Beeindruckende Aufführung des Kantatenzyklus "Membra Jesu nostri"

HERBORN - 400 Kilometer ging der junge Sebastian Bach von Arnstadt in Thüringen bis nach Lübeck zu Fuß, nur um Dietrich Buxtehude in der Marienkirche spielen zu hören und von seiner Kunst zu lernen. Kein Wunder, denn Buxtehude galt damals als einer der hervorragendsten Musiker seiner Zeit. Er war eine der großen Gestalten der Kirchenmusik. In Lübeck ließ er eine alte Tradition wieder aufleben, nämlich Abendmusiken in der Kirche zu veranstalten. Buxtehude hinterließ 130 Vokalwerke, unter denen der Kantatenzyklus "Membra Jesu nostri" besonders herausragt. Dieses facettenreiche Werk, das der Komponist einem edlen Freund, dem Stockholmer Hofkapellmeister Gustav Düben, widmete, erlebte am Karfreitag in der Herborner Stadtkirche eine beeindruckende Aufführung.

Dank der Kantorei, dem "Collegium musicum antiquum" sowie den hervorragenden Gesangssolisten Mona Debus und Daniela Zehner (Sopran), Christian Ilg (Alt), Andreas Schwab (Tenor), und Andreas Balzer (Bass), die unter der souveränen Leitung von Kantorin Regina Zimmermann-Emde agierten, wurde diese Passionsmusik für die zahlreichen Zuhörer zu einem außergewöhnlichen Hörerlebnis. Das Leiden Jesu wird in diesem Zyklus in sieben Kantaten schmerzvoll in Erinnerung gerufen. In jeder meditieren die Musiker und Sänger in lateinischer Sprache über die einzelnen Glieder Jesu Christi - Füße, Knie, Hände, Seite, Brust, Herz und Kopf - am Kreuz. Die Worte sind der lateinischen Bibel Vulgata und der Rhytmica Oratio Sancti Bernardi entnommen, einem dem Heiligen Bernhard von Clairveaux zugeschriebenen Werk. Die Poesie dieses mittelalterlichen Mystikers, der im 12. Jahrhundert lebte, war im 17. Jahrhundert bei Katholiken und Protestanten äußerst beliebt.

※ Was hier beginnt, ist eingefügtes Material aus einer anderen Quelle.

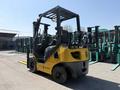 Komatsu  FG15T-21 Бензин-газ 1.5 тонны 3 метра автомат 2017 годаүшін5 400 000 тг. в Алматы – фото 3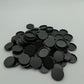 Lot Of 100 25Mm Round Bases For Warhammer 40K & Aos Games Workshop Wargame Bitz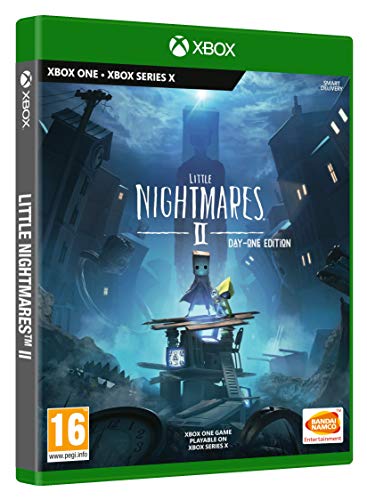 Videogioco Namco Bandai Little Nightmares 2 Day One Edition von IT-S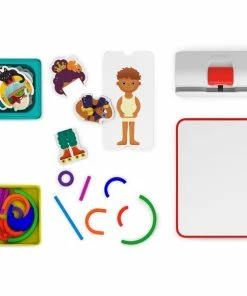 Osmo - Little Genius Starter Kit 19 Osmo - Little Genius Starter Kit -Le Toy Van Sales 901 00010 Osmo Little Genius Starter Kit 4 1024x1024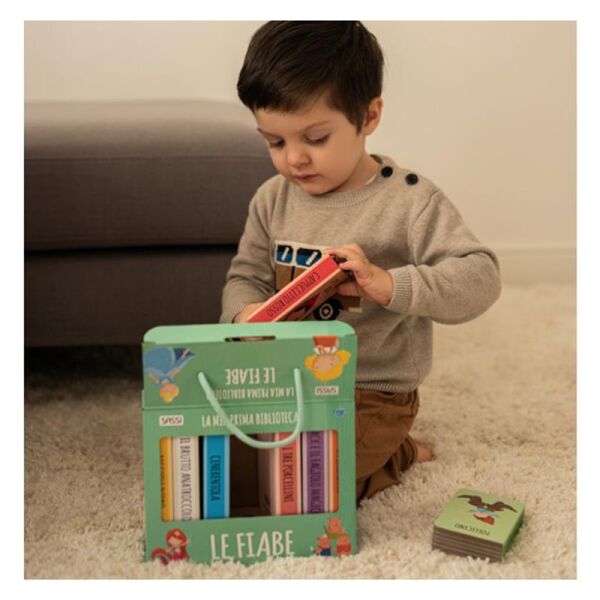 My First Library - Fairy Tales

Die Vertonung der sieben Kantaten ist sehr expressiv und dennoch nach innen gerichtet.

Die besondere Instrumentierung mit Barockviolinen, Gamben, Violone und Orgel sowie der Gesang der Solisten und der Kantorei unterstreicht wirkungsvoll die Intensität dieser Musik, die unter die Haut geht.

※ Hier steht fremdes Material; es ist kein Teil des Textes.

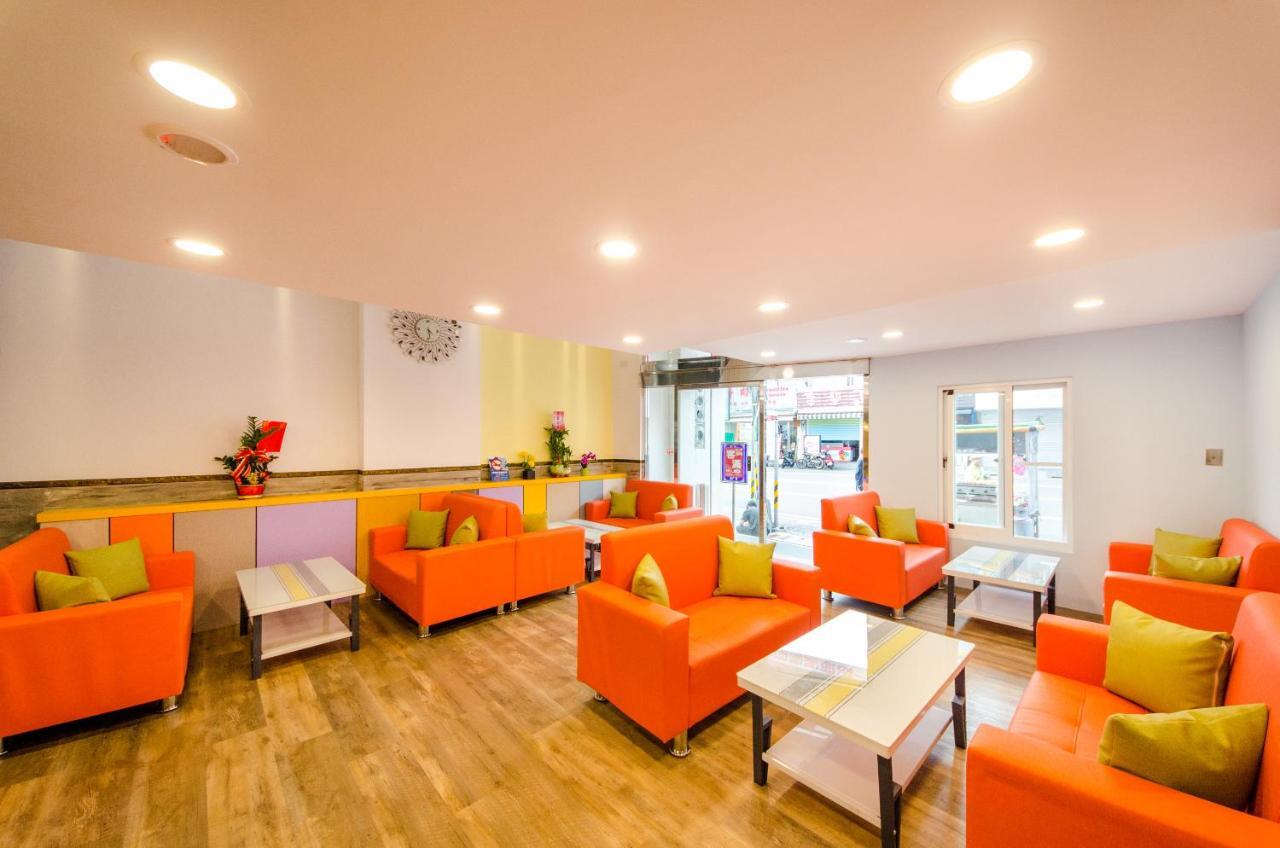 安尼赫時尚旅店 Anich Fashion Inn I 墾丁大街 I 親子遊戲區 I 停車位 Dış mekan fotoğraf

Jedem der sieben Teile ist eine Sinfonia, eine instrumentale Einleitung, die die Vertonung eines biblischen Textes beinhaltet, vorangestellt, jede von ihnen eine musikalische Vorahnung auf die jeweilige Kantate. Eine besondere Rolle kommt den Sängern und Sängerinnen bei der Gestaltung des Werkes zu. Sie vertiefen die Worte durch Betonungen und Wiederholungen, so dass die Texte gemeinsam mit der überaus farbenreichen Musik und dem Gesang eine harmonische, zu Herzen gehende Einheit bilden.
Als das Werk mit einem von den Sängern und Sängerinnen sowie der Instrumentalisten kunstvoll gestalteten "Amen" endete, verharrten die Zuhörer zunächst sichtlich beeindruckt in Stille, um danach mit begeistertem Beifall den Akteuren und besonders Regina Zimmermann-Emde für diese außergewöhnliche Aufführung zu danken.